Empire Games Series, Book 1(113)
From its initial formation as the Family Trade Organization (FTO) during the first world-walker panic in mid-2002, the agency operated on a small scale. Operationally it was divided into three departments. Forward Intelligence controlled the deployment of agents and special forces in the Gruinmarkt; Interdiction provided the Drug Enforcement Administration and FBI with intelligence leads pointing to Clan smuggling operations on US soil; and Technology drew on the resources of the national laboratories to develop and manufacture world-walking machines (under the rubric ARMBAND). Prior to the nuclear attacks of 7/16, the FTO was one of the smallest organizations in the intel community. With fewer than four hundred staff it was even smaller than the State Department’s Bureau of Intelligence and Research (INR).
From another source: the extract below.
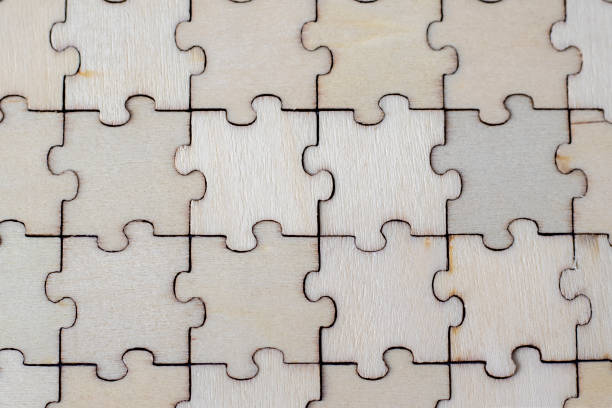 istock Puzzle pieces grid, jigsaw puzzle beige wood, success mosaic solution template, horizontal. Blank assembled puzzles with copy space. 1473144406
The events of 7/16, the retalliatory bombing of the small nation of Gruinmarkt in the Clan’s home time line and the subsequent congressional hearings, changed everything. The FTO brief became the policy football of warring rival bureaucracies. And the Department of Energy, DHS, and Immigration all made bids to become the parent stakeholder in the embryonic agency—in the case of DOE, because of the access to oil in other time lines that it promised. DHS “won,” much as a caterpillar that wins the race to eat the spores of a particularly grotesque parasitic fungus might be said to win. It engulfed the FTO and in the process renamed it the Office of Special Programs.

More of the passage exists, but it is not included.